- Opening Delimiter -

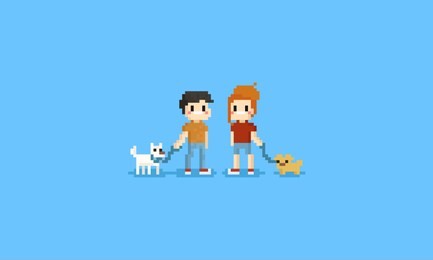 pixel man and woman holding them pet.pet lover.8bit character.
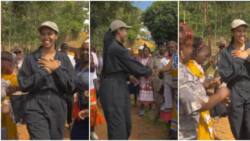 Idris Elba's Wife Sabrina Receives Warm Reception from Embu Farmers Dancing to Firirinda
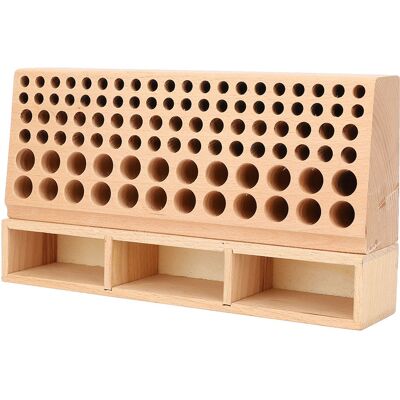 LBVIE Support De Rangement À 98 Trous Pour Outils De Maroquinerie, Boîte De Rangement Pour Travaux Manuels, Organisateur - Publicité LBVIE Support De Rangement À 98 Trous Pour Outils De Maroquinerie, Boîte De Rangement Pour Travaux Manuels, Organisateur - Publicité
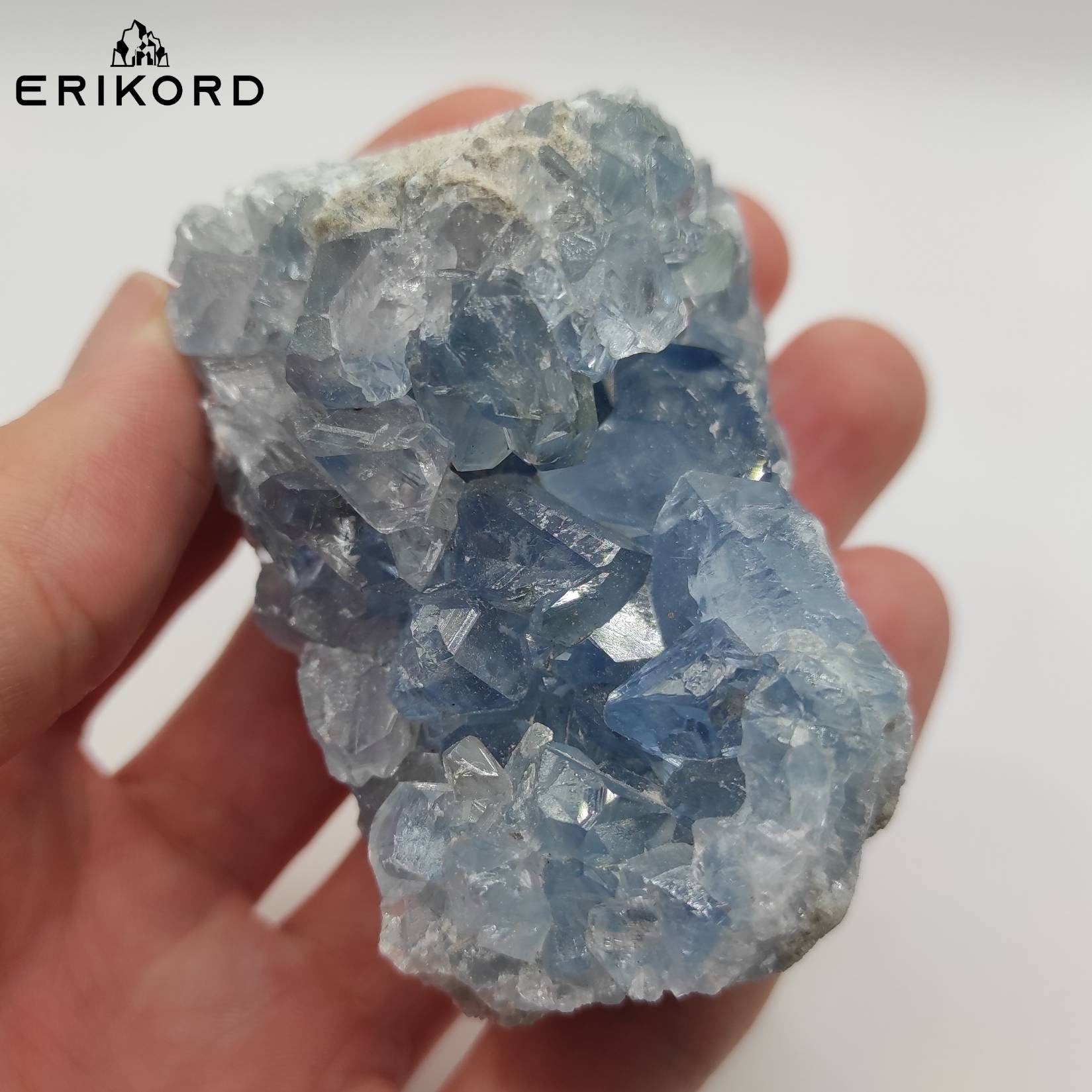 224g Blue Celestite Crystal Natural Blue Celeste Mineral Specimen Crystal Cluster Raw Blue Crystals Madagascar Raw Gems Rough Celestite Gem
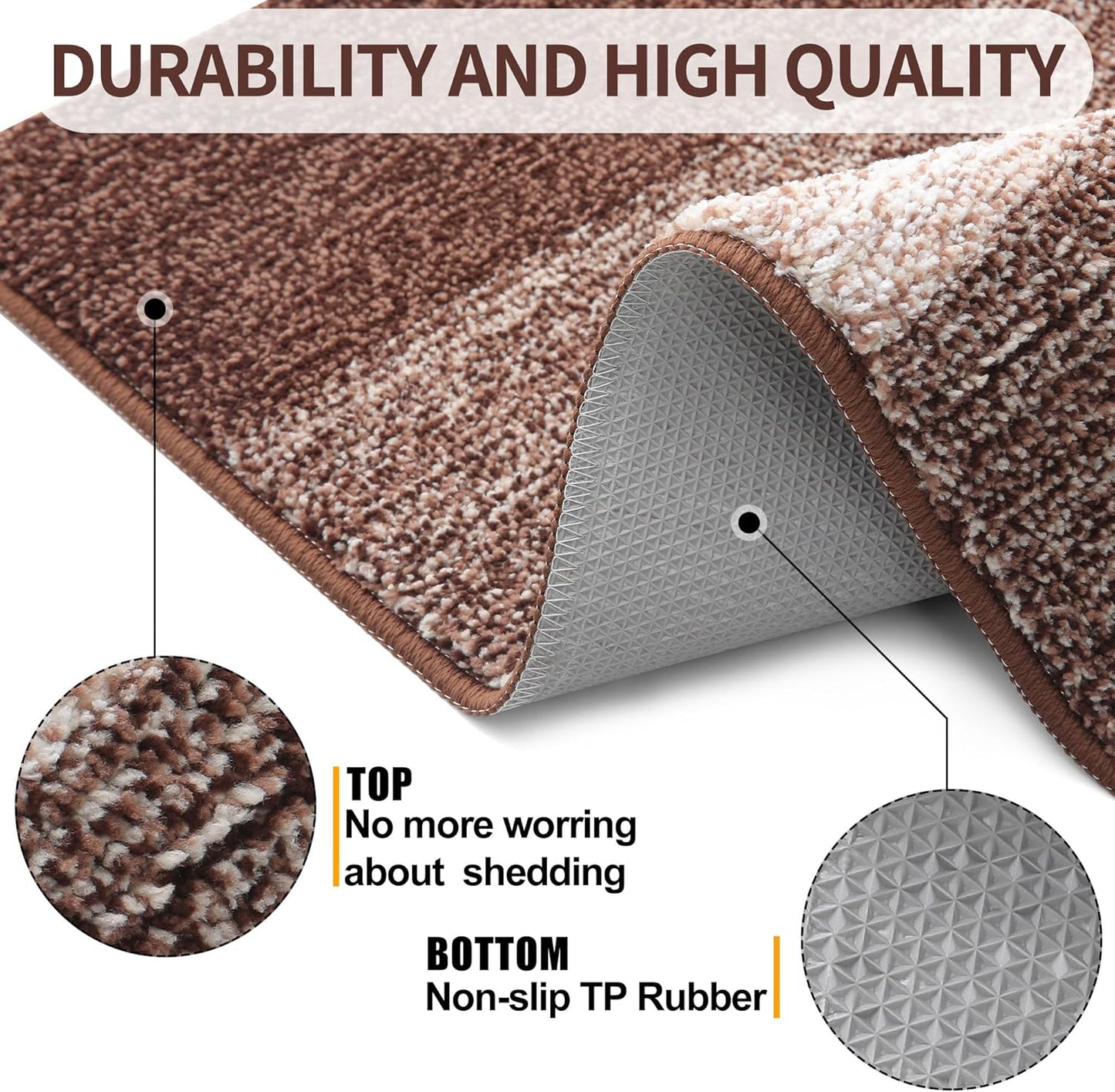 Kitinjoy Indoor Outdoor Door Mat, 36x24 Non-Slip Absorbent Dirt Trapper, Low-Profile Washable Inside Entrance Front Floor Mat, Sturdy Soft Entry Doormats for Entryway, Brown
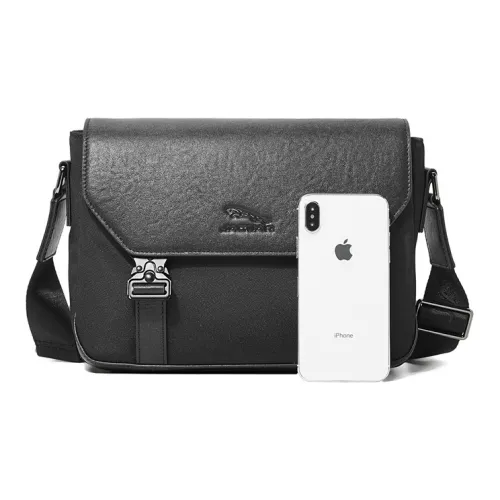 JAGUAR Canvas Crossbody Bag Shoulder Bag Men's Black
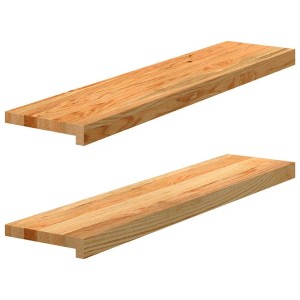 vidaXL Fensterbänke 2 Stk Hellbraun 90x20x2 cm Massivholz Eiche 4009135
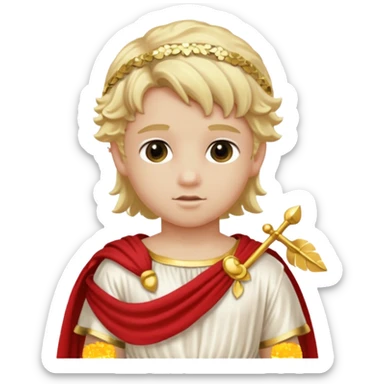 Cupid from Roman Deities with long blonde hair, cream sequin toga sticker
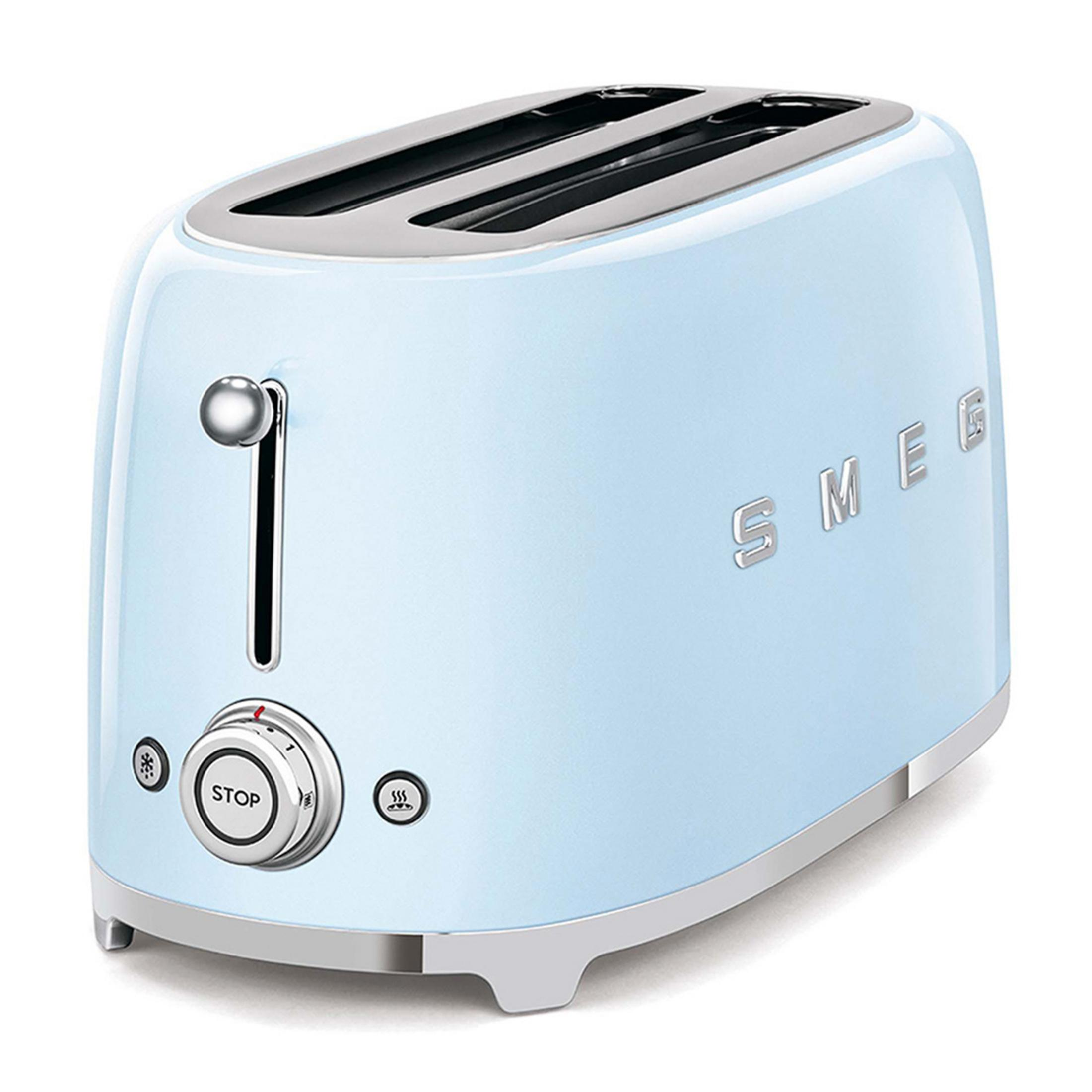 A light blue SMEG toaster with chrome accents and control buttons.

- Closing Delimiter -
- Opening Delimiter -

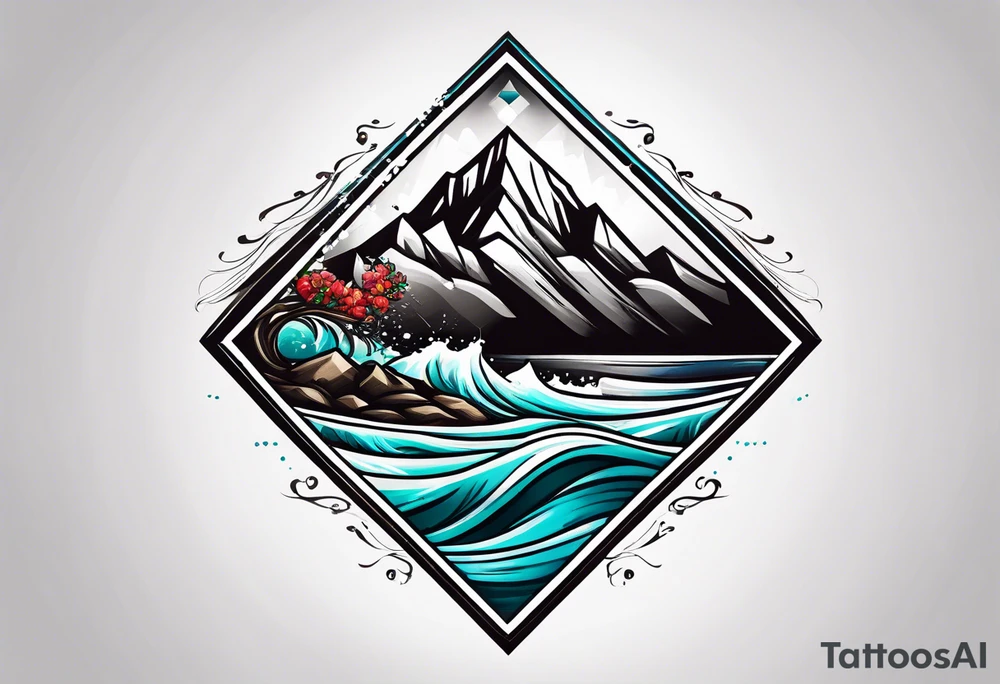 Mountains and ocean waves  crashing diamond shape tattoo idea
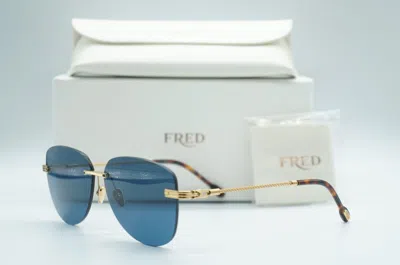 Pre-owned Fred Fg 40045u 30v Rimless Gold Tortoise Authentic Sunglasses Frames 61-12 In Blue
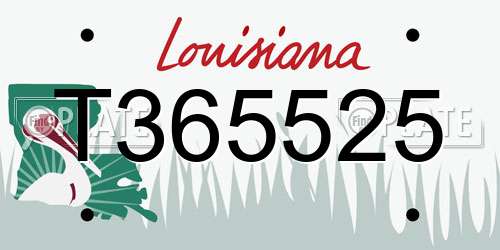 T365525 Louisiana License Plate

- Closing Delimiter -

ASSIGNMENT
Copy word for word the span of the records above that begins at the line with "Mountains and ocean" and ends at the line with "T365525 Louisiana License Plate", including those two lines but not the pictures.

YOUR SOLUTION
 Mountains and ocean waves  crashing diamond shape tattoo idea
 Pre-owned Fred Fg 40045u 30v Rimless Gold Tortoise Authentic Sunglasses Frames 61-12 In Blue
 T365525 Louisiana License Plate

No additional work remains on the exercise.